About this Blog

This blog is dedicated to a research expedition to the McMurdo Dry Valleys in Antarctica. Through field mapping of geomorphic evidence, sample collection, and cosmogenic nuclide concentration measurements in the Noble Gas Lab at Harvard, we hope to better understand the behavior of the East Antarctic Ice Sheet during Miocene (~23 to 5 million years ago) and Pliocene (~5-1.8 mya) times. The Early Pliocene is the most recent period in which global temperatures were significantly warmer than the present, therefore providing us with a potential analog for a warming climate. This research is generously funded by the NSF Polar Science Program.

Monday, December 1, 2008

"GPS" or "How to put the rocks back where you found them"

Two major things happened today:

1) This morning we had our environmental training. Basically, this meant listening to PowerPoint presentations and watching NSF-produced videos for an hour and a half. The Dry Valleys have a very sensitive ecosystem and are therefore considered an Antarctic Sprecially Managed Area or ASMA. A lot of measures are in place to protect them, for example extra-sensitive spill precaution measures and reporting procedures and delineations around camps where impact is localized. Because we are going to very remote areas of the Dry Valleys - including sites very near the Linneaus Terrace Anarctic Specially Protected Area (or ASPA) - we need to take even more special precautions such as replacing any rocks we moving to anchor tents; this is the ultimate experience in Leave No Trace camping. See the map below for a view of the area - we'll be in the Asgard Range, the Olympus Range, and up north of the extent of this map.
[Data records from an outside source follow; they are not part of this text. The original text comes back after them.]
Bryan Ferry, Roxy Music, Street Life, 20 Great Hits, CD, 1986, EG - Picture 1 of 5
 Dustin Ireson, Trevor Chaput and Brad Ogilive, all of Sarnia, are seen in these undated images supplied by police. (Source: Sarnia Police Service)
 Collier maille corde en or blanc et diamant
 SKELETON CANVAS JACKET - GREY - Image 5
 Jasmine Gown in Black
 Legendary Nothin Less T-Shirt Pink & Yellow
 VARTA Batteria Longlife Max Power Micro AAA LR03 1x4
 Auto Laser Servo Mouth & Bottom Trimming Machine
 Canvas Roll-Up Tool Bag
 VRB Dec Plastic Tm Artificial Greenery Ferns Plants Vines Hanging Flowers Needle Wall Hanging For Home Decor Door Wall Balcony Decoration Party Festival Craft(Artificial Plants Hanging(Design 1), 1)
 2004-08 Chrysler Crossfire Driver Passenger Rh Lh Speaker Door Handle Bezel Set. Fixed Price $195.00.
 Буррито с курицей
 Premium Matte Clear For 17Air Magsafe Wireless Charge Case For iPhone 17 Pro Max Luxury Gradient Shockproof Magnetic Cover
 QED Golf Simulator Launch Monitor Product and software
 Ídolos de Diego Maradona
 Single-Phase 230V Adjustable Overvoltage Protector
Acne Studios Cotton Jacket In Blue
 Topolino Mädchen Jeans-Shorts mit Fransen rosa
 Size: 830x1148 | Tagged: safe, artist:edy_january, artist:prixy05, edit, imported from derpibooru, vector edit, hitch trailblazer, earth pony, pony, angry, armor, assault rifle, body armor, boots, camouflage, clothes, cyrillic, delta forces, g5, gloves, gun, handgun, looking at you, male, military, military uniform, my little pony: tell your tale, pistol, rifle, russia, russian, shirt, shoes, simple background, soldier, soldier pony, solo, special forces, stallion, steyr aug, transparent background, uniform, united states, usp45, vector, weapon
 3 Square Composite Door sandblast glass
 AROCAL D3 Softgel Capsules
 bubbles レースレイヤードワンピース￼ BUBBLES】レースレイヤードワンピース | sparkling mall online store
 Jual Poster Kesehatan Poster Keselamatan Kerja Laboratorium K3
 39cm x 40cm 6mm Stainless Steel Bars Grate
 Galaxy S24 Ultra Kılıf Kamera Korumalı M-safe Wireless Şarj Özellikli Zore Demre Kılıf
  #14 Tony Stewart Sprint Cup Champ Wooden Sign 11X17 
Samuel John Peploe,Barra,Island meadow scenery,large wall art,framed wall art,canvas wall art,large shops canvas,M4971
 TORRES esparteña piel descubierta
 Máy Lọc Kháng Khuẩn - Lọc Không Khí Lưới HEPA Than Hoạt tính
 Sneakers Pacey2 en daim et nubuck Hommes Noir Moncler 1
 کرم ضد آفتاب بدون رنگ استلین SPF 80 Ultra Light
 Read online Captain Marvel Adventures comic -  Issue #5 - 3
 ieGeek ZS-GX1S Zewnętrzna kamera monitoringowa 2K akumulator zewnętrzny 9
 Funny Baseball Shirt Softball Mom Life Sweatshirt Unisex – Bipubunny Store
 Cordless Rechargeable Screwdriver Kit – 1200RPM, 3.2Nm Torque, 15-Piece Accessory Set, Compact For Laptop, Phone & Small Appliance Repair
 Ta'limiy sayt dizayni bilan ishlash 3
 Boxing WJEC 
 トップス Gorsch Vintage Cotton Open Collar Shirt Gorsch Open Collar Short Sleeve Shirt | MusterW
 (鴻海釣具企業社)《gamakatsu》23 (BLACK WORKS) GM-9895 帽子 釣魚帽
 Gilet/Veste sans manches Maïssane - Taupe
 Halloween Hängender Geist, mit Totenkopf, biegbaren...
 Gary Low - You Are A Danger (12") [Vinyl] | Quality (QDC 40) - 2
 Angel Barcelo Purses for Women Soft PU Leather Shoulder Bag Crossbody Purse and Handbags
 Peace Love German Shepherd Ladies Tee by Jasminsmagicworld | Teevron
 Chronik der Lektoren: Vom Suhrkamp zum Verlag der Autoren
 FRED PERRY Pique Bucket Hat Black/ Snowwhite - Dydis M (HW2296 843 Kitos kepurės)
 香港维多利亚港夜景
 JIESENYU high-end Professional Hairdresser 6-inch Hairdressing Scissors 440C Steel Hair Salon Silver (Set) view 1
Dry Valleys ASMA Map - Taylor and Wright Valleys

2) GPS (Global Positioning System) training was the second order of the day. We will need to know the location of the samples we take not only so we can write an environmental impact report, but also to properly calculate the ages of the samples we take. (Cosmic rays attenuate as they pass through the atmosphere, so the higher a sample is the higher a production rate it will have - a value essential for calculating a sample's exposure age.) We learned a bit about GPS theory, got a tutorial on the hardware and software we'll be working with, and then took the equipment outside to play around with it a bit to make sure we understood everything. 

Jenny spent some time walking around to test our roving GPS unit. On the plywood box in the foreground you can see our base station and it's accomanying solar panels.

The high-resolution GPS equipment down here is managed by an NSF sposored group (UNAVCO), who also does all the training for the units. We will be using differential GPS - by comparing signals from a roving unit and a base station errors can be reduced and we'll be getting signals with accuracy on the centimeter scale. By a great coincidence, the same person who taught us today was up in Alaska when I participated in the Juneau Icefield Research Program, training us to use a similar system. Training scientists and conducting surveys in Greenland, Alaska, and Antarctica - sounds like a job I could handle!

Tomorrow Jenny and I will be off to Snowcraft 1, also known as Happy Camper School, which will include our first night outside a building in Antarctica. Wish us luck!